I was walking around the dark room that I used as an office, listening carefully to the storm that was unfolding outside, trying not to feel alone. Venice was sleeping in his room, Tae had already moved to his new house, Macao was sleeping in the primary family's house, he had a movie night with Che and Khun, and I was left alone in the house, together with my guards. I raise my glass of wine to my mouth, thinking of Pete, because I missed him so much and for a few moments I wished that he was next to me, that we could be together, hugging in our room, the room that I barely I also used it to sleep, many times I fell asleep on the couch in my office, just so I wouldn't remember him. I take a deep breath and close my eyes, letting myself be overwhelmed by the pain I was feeling, I needed to get rid of this pain, I needed to become the old Vegas as quickly as possible, this is because this Vegas, which I am now, is wounded and vulnerable and it doesn't help anyone to be like that.
"Boss Vegas." I hear Nop's voice pulling me out of my thoughts, as soon as he opens the office door.
"Night?"
"I'm sorry to bother you, but we have a situation, and we don't know how to handle it."
"What else happened?" I asked them, sighing with all my heart, I was so tired.
"Pete has been standing in the rain for more than two hours. The guards at the gate informed me of this situation a few minutes ago, because you took away his access to enter the house. He was informed to leave, but he didn't want it." He tells me, and I swallow hard, I actually didn't have any energy left to get into another argument with Pete.
"Tell him to go, I think it's better that way."
"I know it's not my problem and I'm not allowed to give such advice, considering my status, but I care about your Boss Vegas, and I don't like to see you suffer. Try to talk to him, maybe he will it's better that way."
Nop was right, but I didn't have enough mental energy to fight Pete again. I love him, this will remain so until I'm dead, but with all that, to have him by my side but to live with the doubt that he doesn't love me enough or that I'm not enough for him grinds me out of my way- outside.
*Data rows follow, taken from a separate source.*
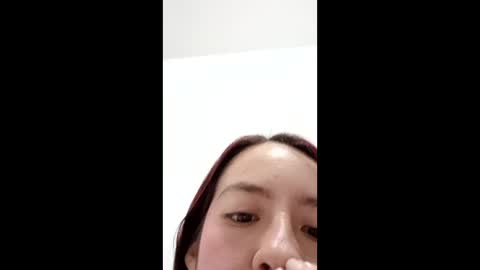 MaiaRosse  online show from January 23, 3:26 am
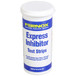 Fernox-63630 Image 1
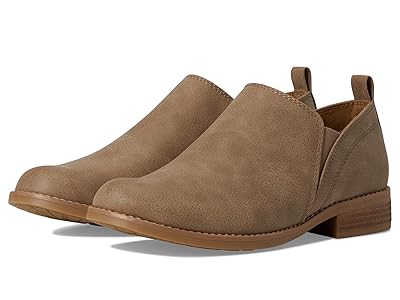 EuroSoft Maggie Women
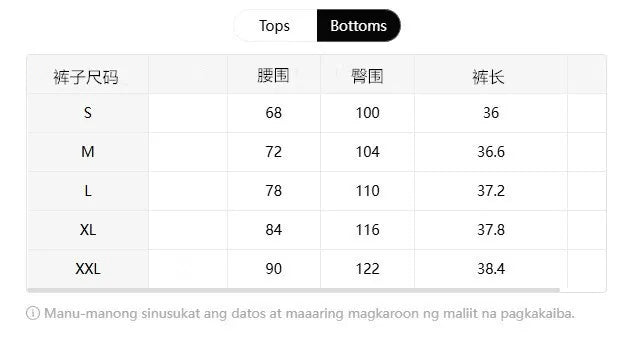 Women's Summer Comfortable Blazer Vest Wide Leg Pants Suit LADYLYS
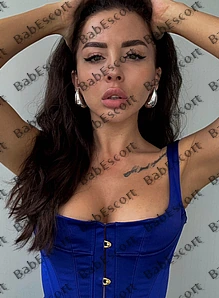 Lolita 23 year old Russian, Mixed, Slim, Brown, Medium, Breast size B escort in Ras Al Khaimah thumbnail 6
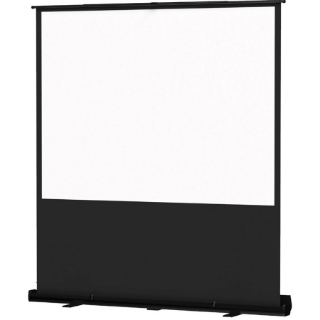 Picture of Da-Lite Deluxe Insta-Theater 73" Projection Screen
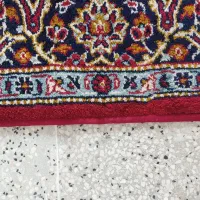 فرش ۶ متری|فرش|شریفآباد, |دیوار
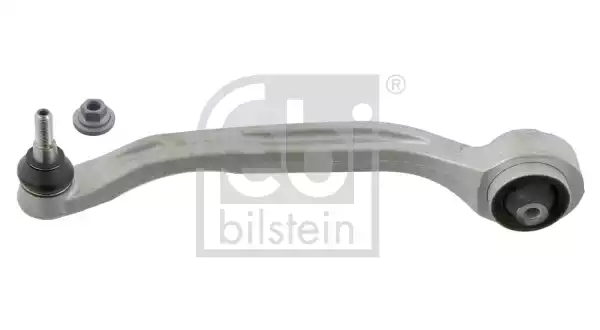 Salincak | 27010 FEBI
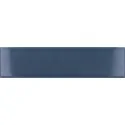 8435404955779 EQUIPE Costa Nova Banyan Blue EQ 28446 Płytka Ścienna Błyszcząca 5x20 płytki cegiełki kafelki cegiełka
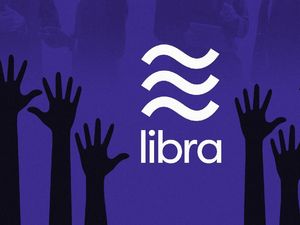 Facebook: Libra Bisa Tidak Rilis Sama Sekali Facebook: Libra Bisa Tidak Rilis Sama Sekali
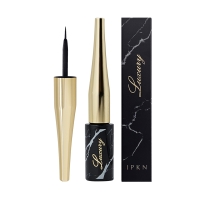 입큰 럭셔리 다이아몬드 인 아이라이너 EX 다이아몬드 블랙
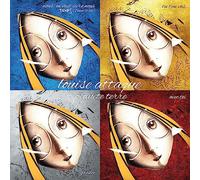 Planète Terre - Les bonus Vinyle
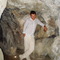 Thumb_dsc03857_resize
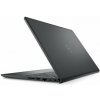 DELL Vostro 15 (3530) sivá / 15.6 FHD / Intel Core i3-1305U 1.6GHz / 8GB / 256GB SSD / Intel UHD / W11H (JC4G0)
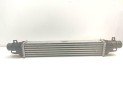 Intercooler ALFA ROMEO GIULIETTA 2013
"Bring him here." I order Nop and he leaves, leaving me alone.
PETE
I don't know since when I was standing in the rain in front of the gates of Vegas' house and honestly, I don't even know how I got here. I know that after I got out of Vegas' car, I decided to walk home, just to be able to think, just to be able to pay attention to my thoughts and not others' and that's how I got here. I was wet from head to toe, and the Vegas guards wouldn't let me in the house. I'm not surprised, I knew I was forbidden in Vegas' house, he told me so many times, but with all that I wanted, now more than ever, to be near him. When I got out of the car, my body was filled with immense pain and it wasn't even physical pain, it was mental pain, seeing Vegas not letting me touch Venice, seeing Mr. How he held my son in his arms and protected him, when in fact I was supposed to do that. YES, I was very wrong, choosing to follow a stupid dream instead of the love I had for Vegas, it was only my fault and the worst of all, is that I made Vegas suffer and lose his love. I was startled when the house gate opened, Nop stood on it, protecting herself from the rain with an umbrella, while she handed me another umbrella, which I refused. What was the point of opening it again? We spent many hours in the rain.
"Pete, come on, Vegas is waiting for you." I hear Nop as he opens an umbrella to protect me from the rain.
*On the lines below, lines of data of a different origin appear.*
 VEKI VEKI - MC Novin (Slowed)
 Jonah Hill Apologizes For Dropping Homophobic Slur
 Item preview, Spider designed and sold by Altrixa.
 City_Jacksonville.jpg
"Does he want to see me?" I ask him and he smiles at me for a moment then nods his head as a sign of yes.
I don't know when or where I found the strength to run, but it was necessary to get to him, faster. I run and run entering the dimly lit house and start towards our bedroom, but I stop when Vegas appears at the end of the stairs, looking at me and holding a towel, which he throws at my feet.